The start of something small

Britain’s first post-war mainland circuit race was a 500cc event at Gransden Lodge airfield on July 13, 1947. But only four cars took the start, so it is the RAC National (right), supporting Silverstone’s first British Grand Prix on October 2, 1948, that carries greater significance.

A healthy total of 34 cars made the entry, which was whittled down to 26 for the grid (nine Coopers and 17 ‘Specials’). But this landmark 50-mile race would get off to an inauspicious start. Only Colin Strang and Stirling Moss were ready to go when pre-war British racing hero Earl Howe dropped the Union Jack. Mechanics were still tending some of the cars on the grid, while Eric Brandon wasn’t even sitting in his Cooper.

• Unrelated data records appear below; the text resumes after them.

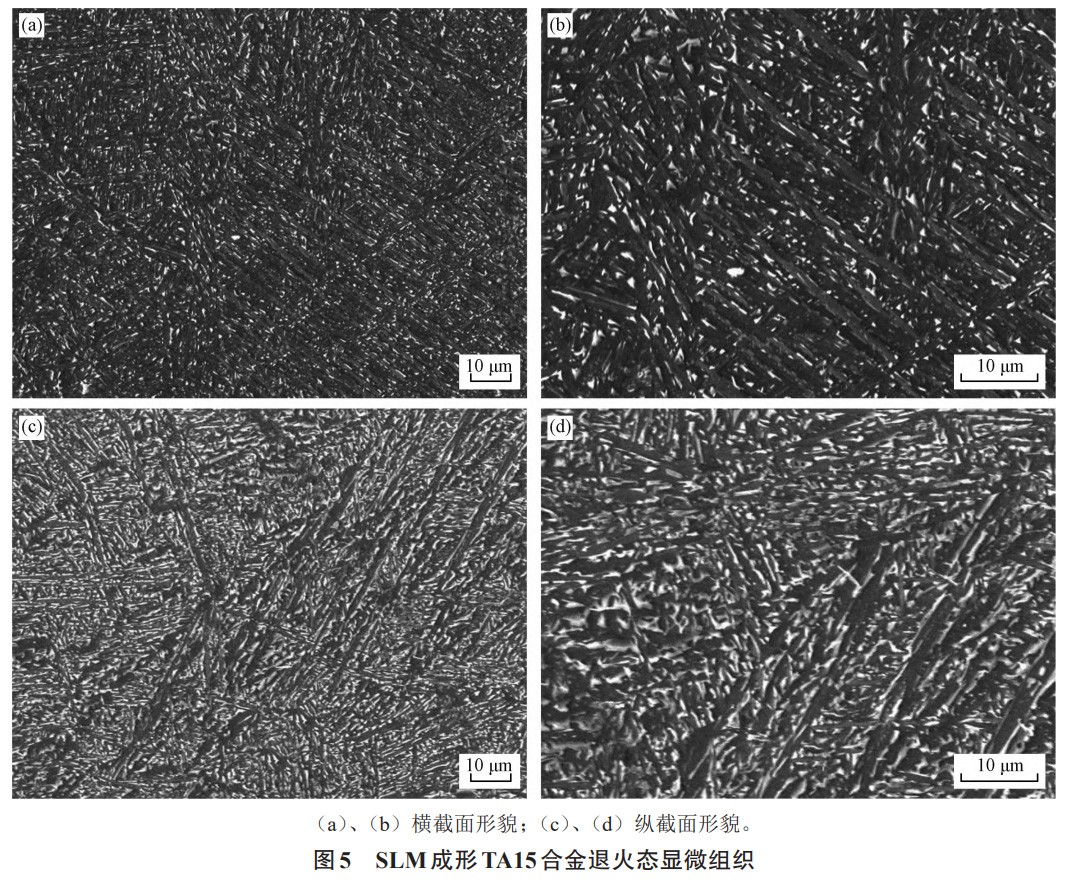 1739676581229466.jpg 5.jpg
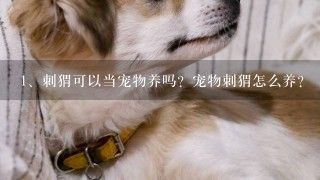 刺猬可以当宠物养吗？宠物刺猬怎么养？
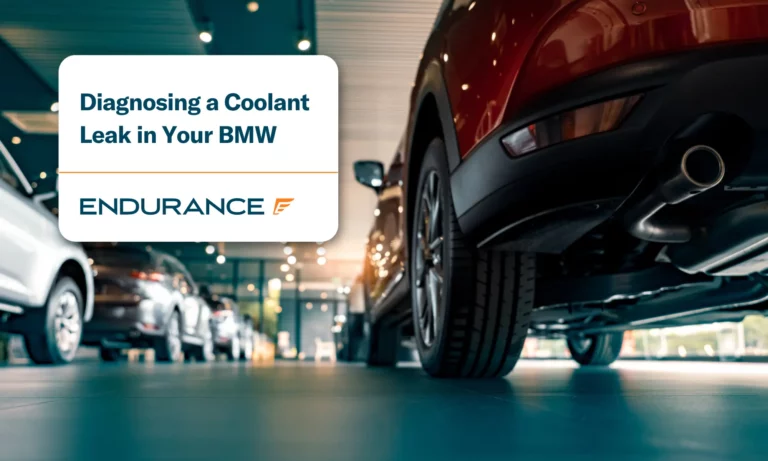 Luxury BMW models parked in a car showroom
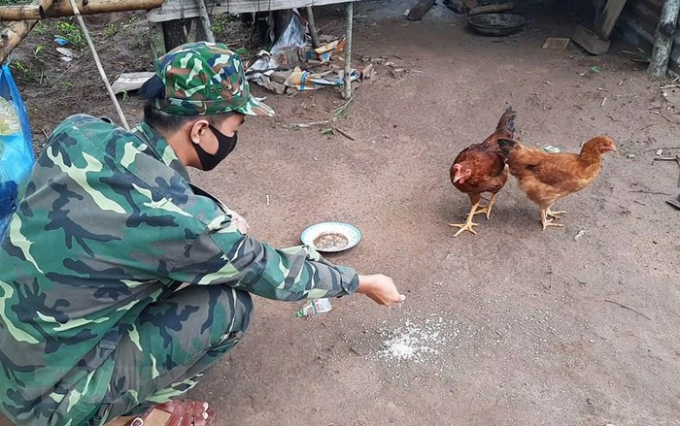   Chiến sỹ bộ đội biên phòng Quảng Trị trên chốt biên giới chăn nuôi thêm gia cầm để cải thiện bữa ăn. (Ảnh: Hồ Cầu/TTXVN)  
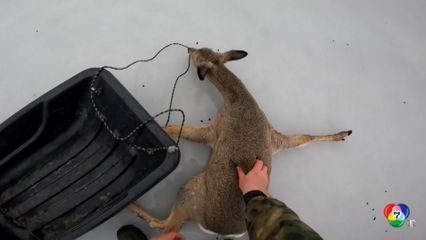 ชาวประมงรุดช่วยกวางติดกลางทะเลสาบน้ำแข็ง ที่รัสเซีย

After three laps Moss led from Alvin ‘Spike’ Rhiando by a scant 0.7sec, but when Stirling hit engine problems it was the Canadian who was left with the spoils. They came at a price, however: leaking fuel left him badly burnt and in need of a loaned pair of trousers.

Rhiando’s win in a race described as “epic” by Motor Sport was claimed at a speed of 60.68mph. He beat three more Coopers driven by John Cooper, Sir Francis Samuelson and a recovering Brandon.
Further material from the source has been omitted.